Below are the entries. Print only the lines starting at the one with "Abstract motion graphics" and ending at the one with "Christmas Bedding Set", exactly, with no pictures.

(EXCERPTED DATA begins)

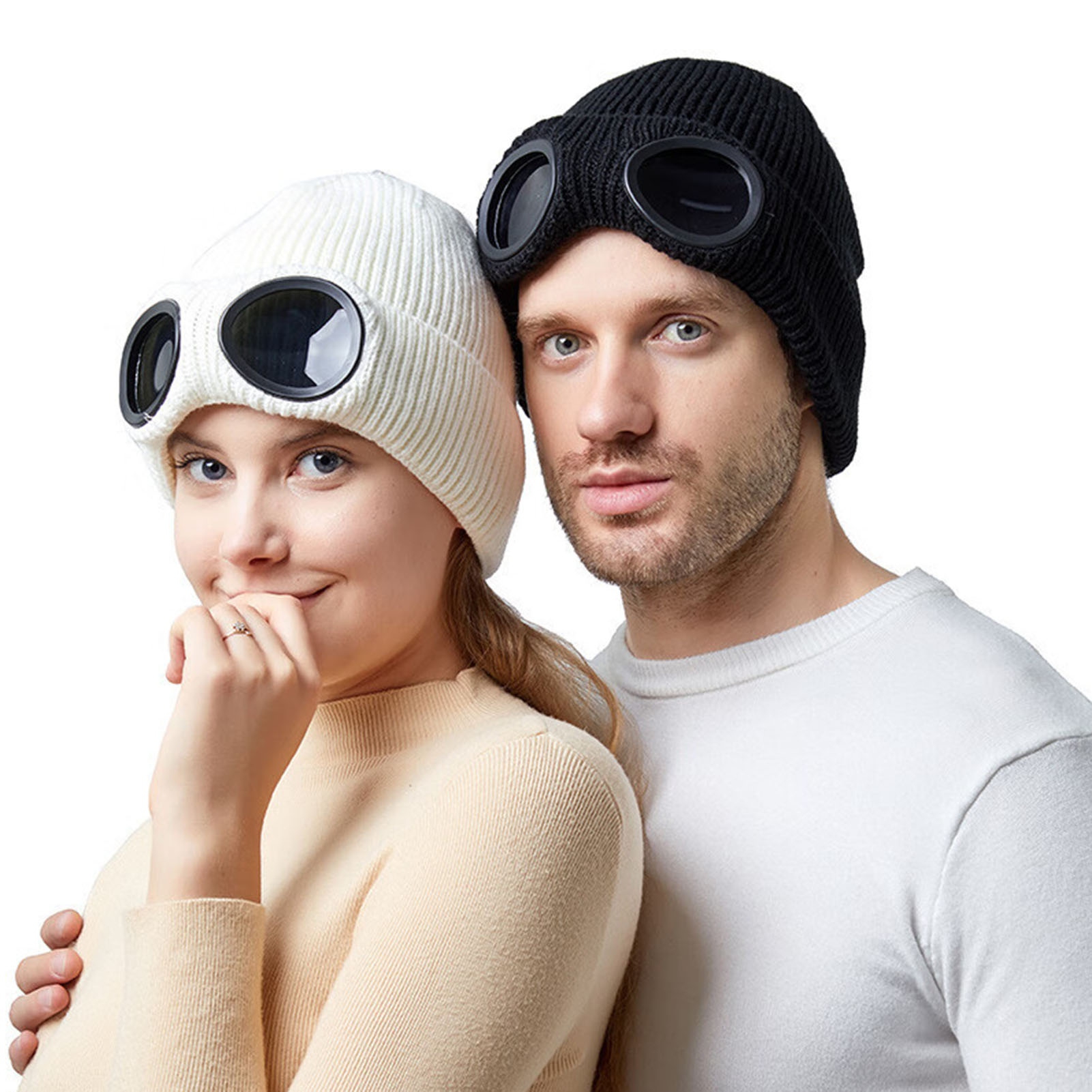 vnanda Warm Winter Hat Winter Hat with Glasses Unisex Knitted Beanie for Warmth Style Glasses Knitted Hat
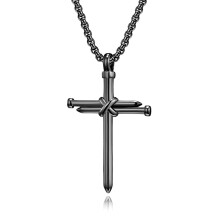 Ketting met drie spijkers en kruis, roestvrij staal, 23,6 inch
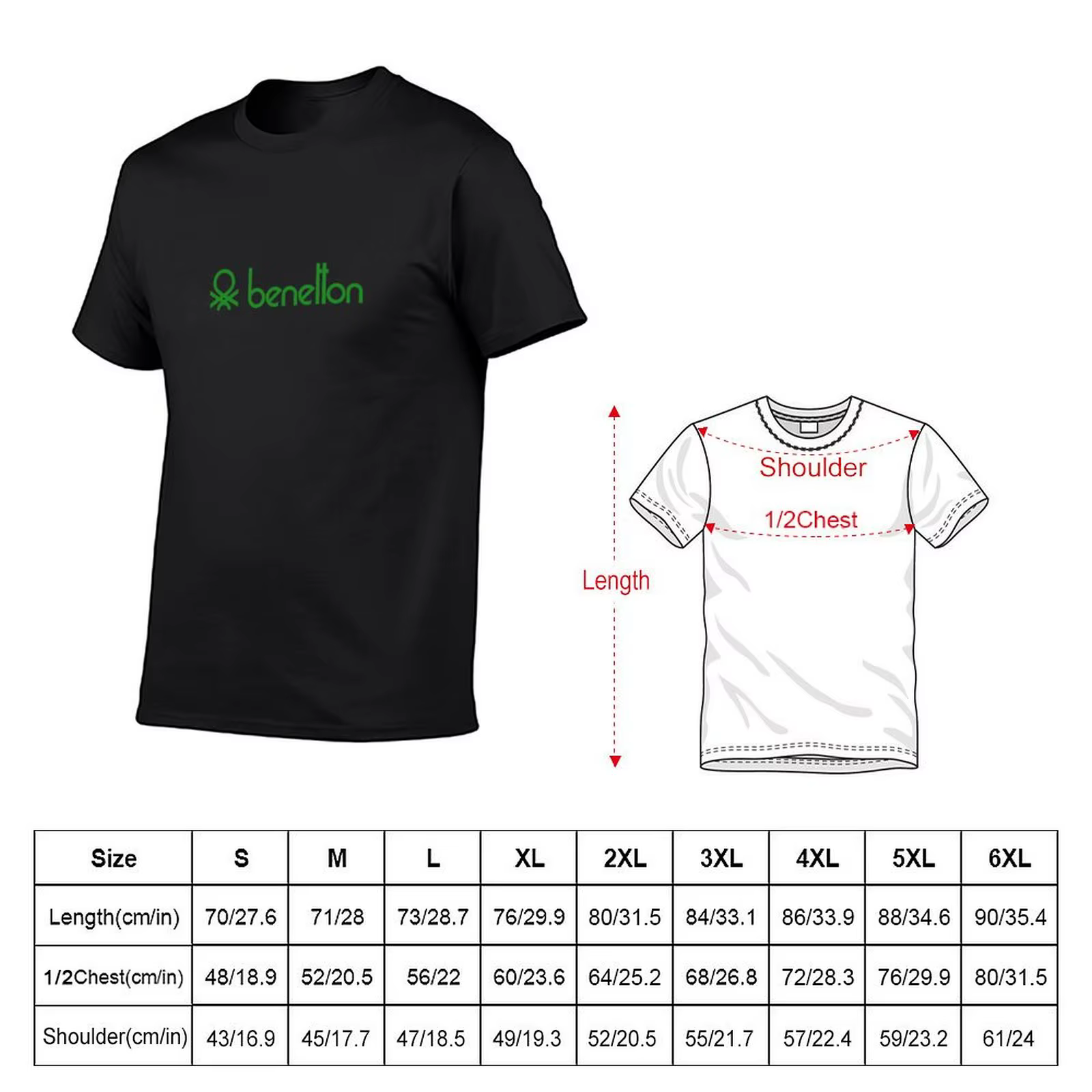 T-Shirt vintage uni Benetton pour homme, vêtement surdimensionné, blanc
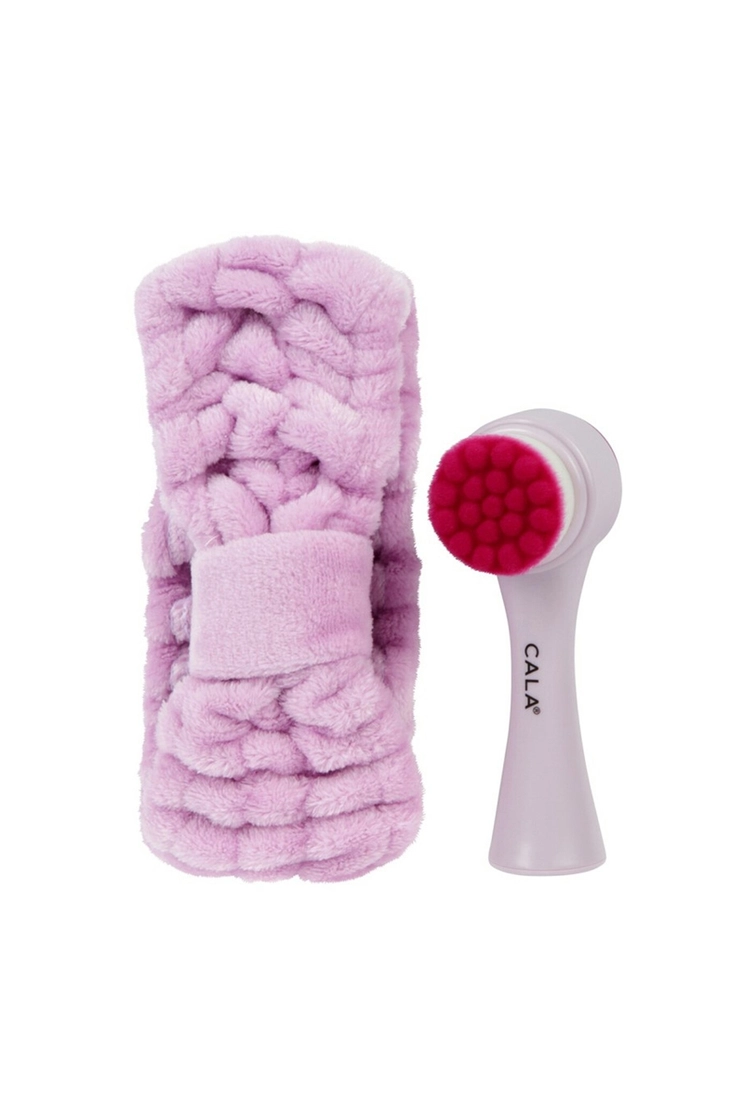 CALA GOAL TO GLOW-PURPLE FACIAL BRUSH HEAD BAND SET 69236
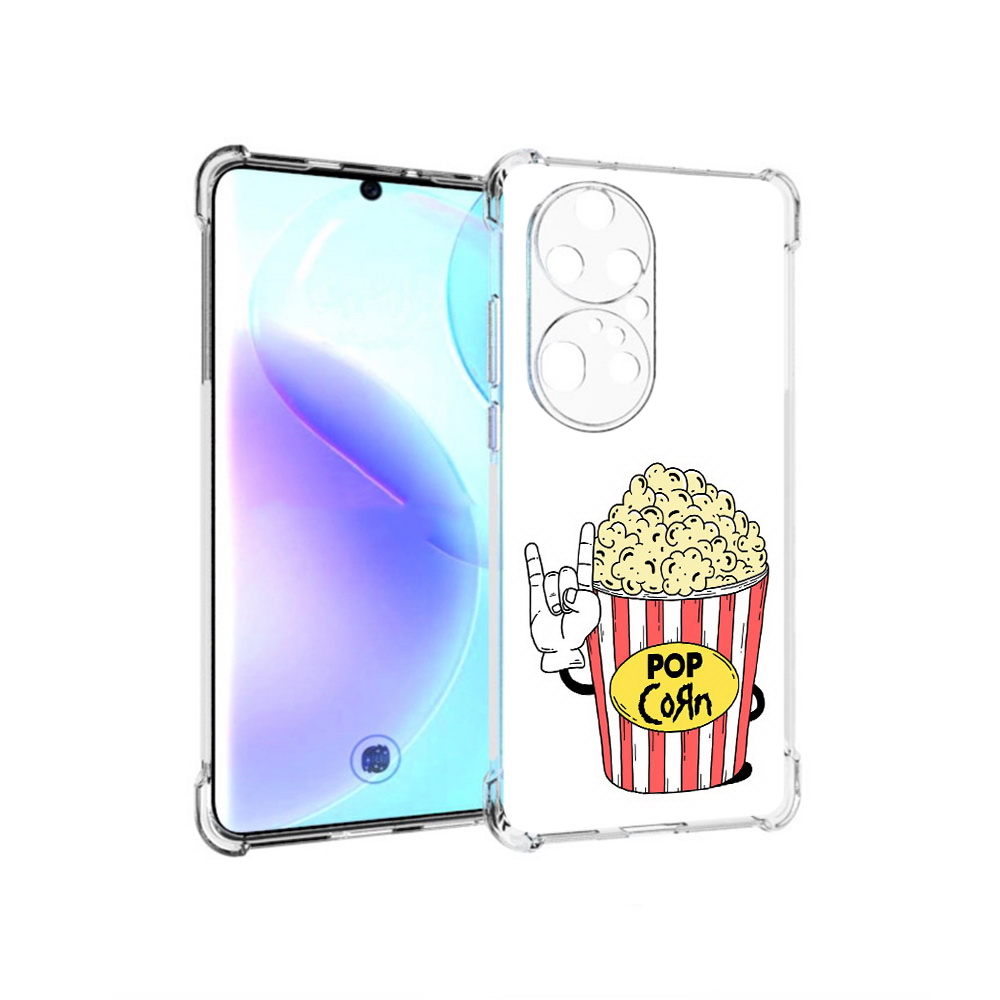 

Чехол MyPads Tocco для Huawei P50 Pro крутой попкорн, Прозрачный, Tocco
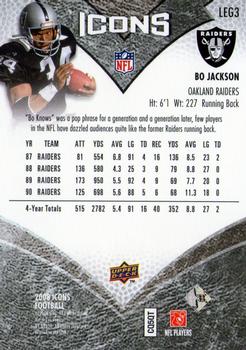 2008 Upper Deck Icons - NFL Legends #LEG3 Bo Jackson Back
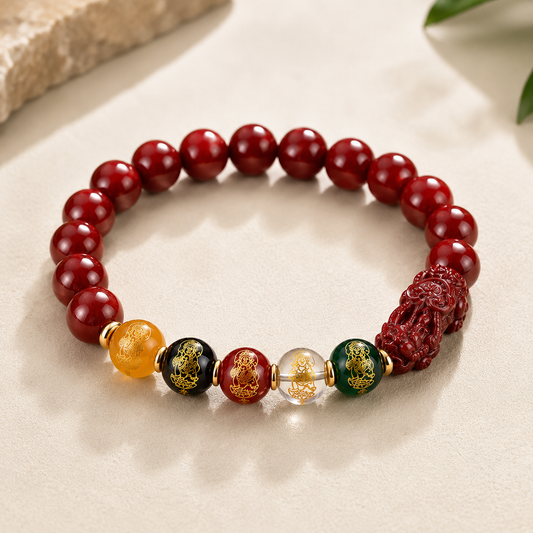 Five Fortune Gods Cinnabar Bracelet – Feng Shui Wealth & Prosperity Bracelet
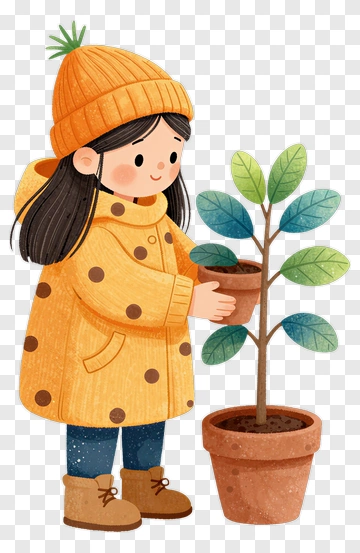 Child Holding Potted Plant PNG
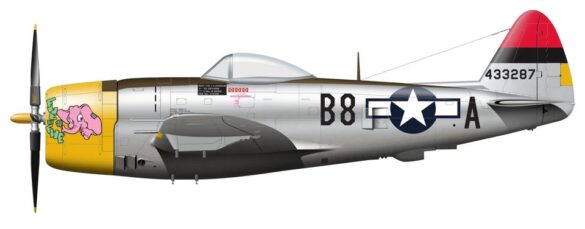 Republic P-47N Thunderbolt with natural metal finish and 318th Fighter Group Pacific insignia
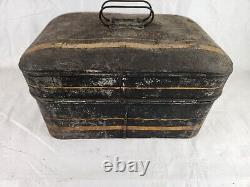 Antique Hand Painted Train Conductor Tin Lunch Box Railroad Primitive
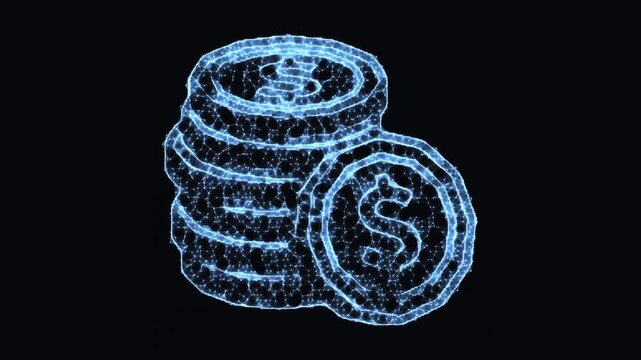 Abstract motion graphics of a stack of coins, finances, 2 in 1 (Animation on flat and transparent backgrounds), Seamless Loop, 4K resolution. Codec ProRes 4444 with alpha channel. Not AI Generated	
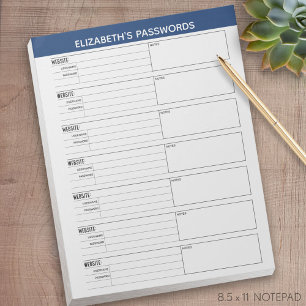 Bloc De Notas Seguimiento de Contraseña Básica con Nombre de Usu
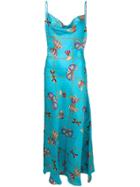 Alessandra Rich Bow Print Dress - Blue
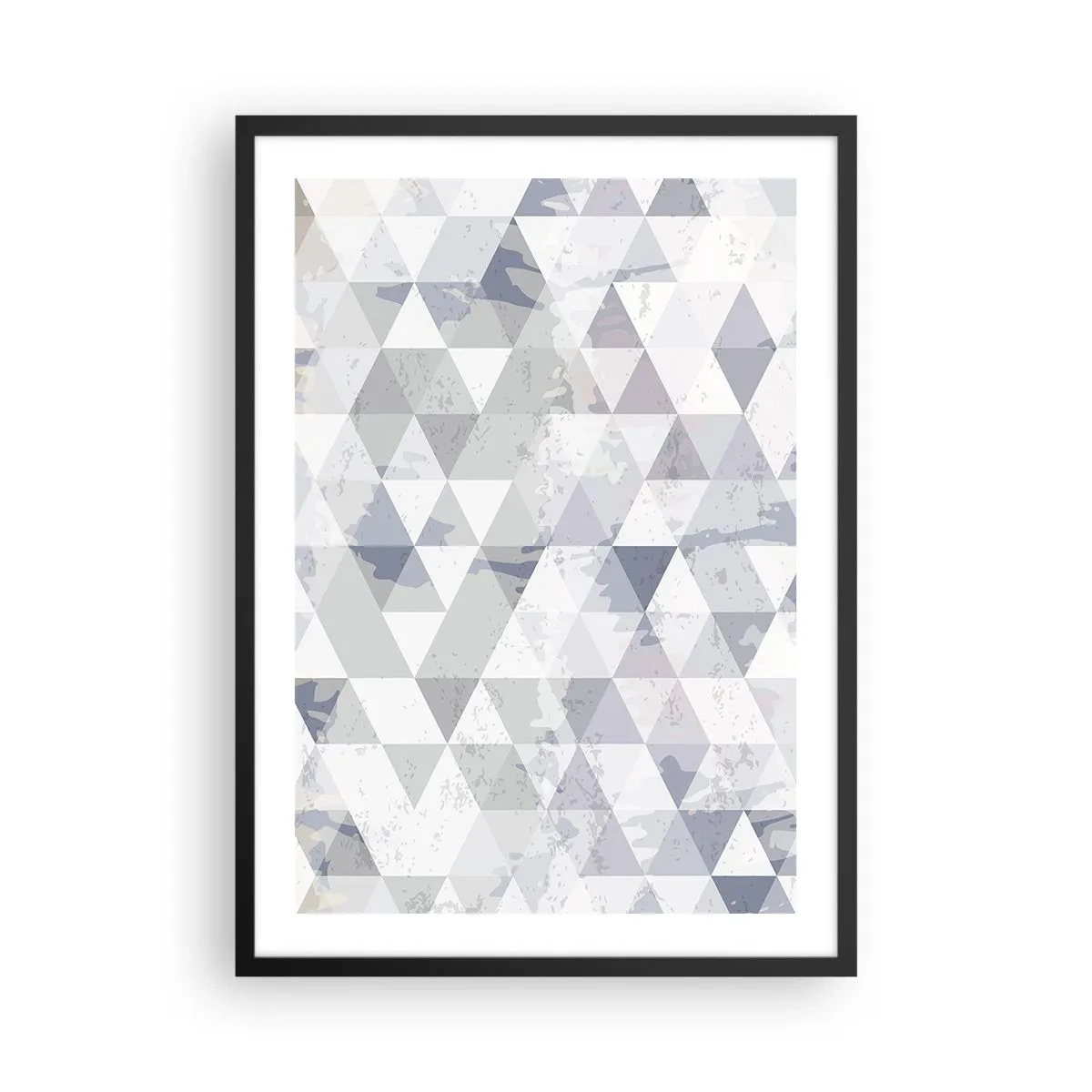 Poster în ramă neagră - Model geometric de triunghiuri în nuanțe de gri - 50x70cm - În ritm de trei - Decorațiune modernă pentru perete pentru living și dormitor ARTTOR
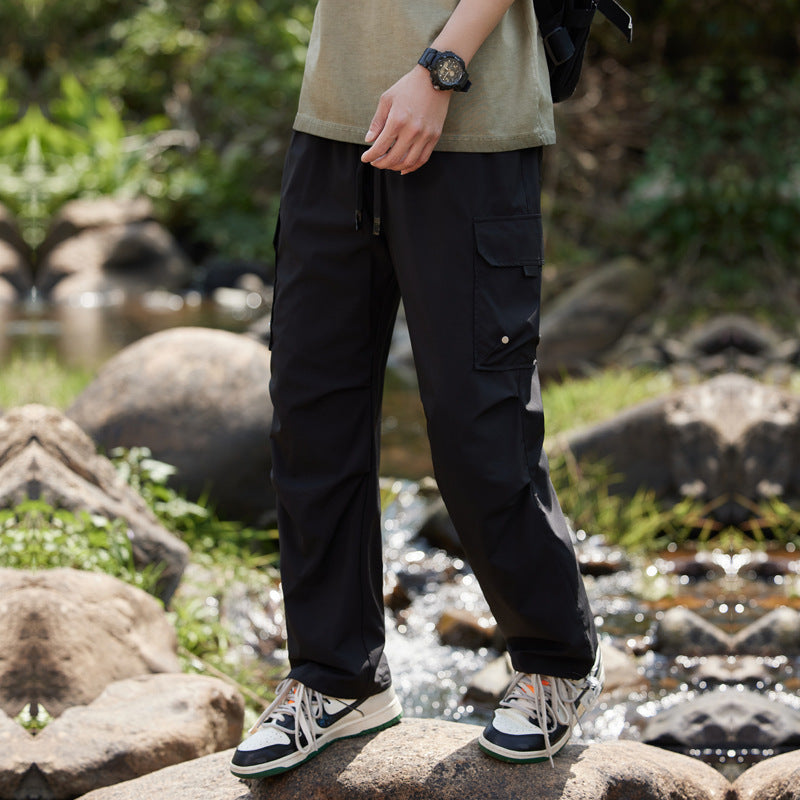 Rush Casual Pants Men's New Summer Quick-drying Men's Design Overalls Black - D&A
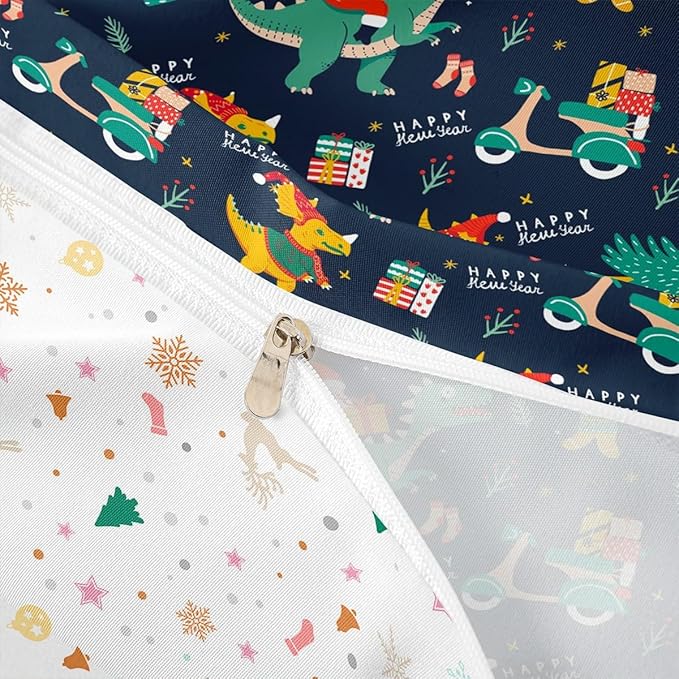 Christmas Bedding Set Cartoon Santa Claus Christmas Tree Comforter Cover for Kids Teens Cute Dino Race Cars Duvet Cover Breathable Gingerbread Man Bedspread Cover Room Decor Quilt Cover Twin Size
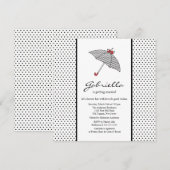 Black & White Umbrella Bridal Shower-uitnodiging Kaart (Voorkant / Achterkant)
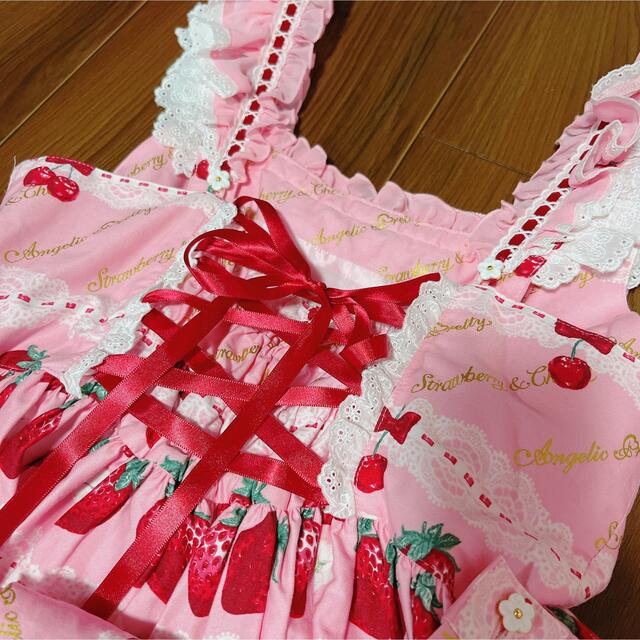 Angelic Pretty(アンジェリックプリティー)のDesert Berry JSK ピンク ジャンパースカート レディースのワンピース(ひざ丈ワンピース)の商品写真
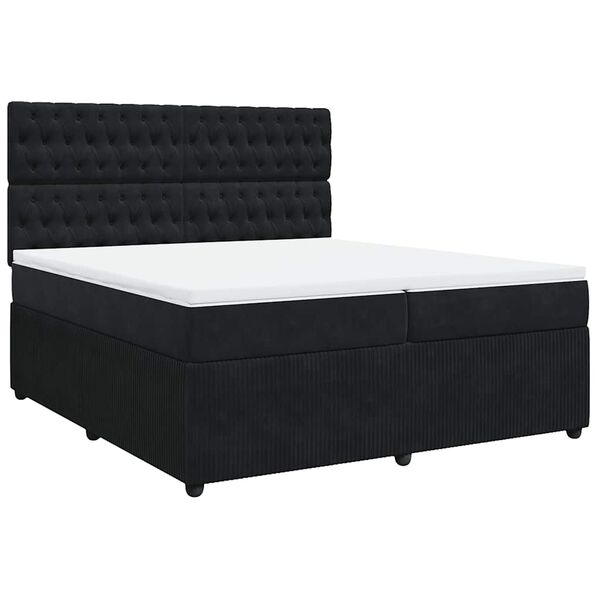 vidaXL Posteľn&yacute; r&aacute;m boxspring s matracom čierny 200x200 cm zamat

(EXCERPTED DATA ends)

■ **FINISHED EXERCISE**:
 Abstract motion graphics of a stack of coins, finances, 2 in 1 (Animation on flat and transparent backgrounds), Seamless Loop, 4K resolution. Codec ProRes 4444 with alpha channel. Not AI Generated	
 Bloc De Notas Seguimiento de Contraseña Básica con Nombre de Usu
 Alessandra Rich Bow Print Dress - Blue
 Poster în ramă neagră - Model geometric de triunghiuri în nuanțe de gri - 50x70cm - În ritm de trei - Decorațiune modernă pentru perete pentru living și dormitor ARTTOR
 Rush Casual Pants Men's New Summer Quick-drying Men's Design Overalls Black - D&A
 Christmas Bedding Set Cartoon Santa Claus Christmas Tree Comforter Cover for Kids Teens Cute Dino Race Cars Duvet Cover Breathable Gingerbread Man Bedspread Cover Room Decor Quilt Cover Twin Size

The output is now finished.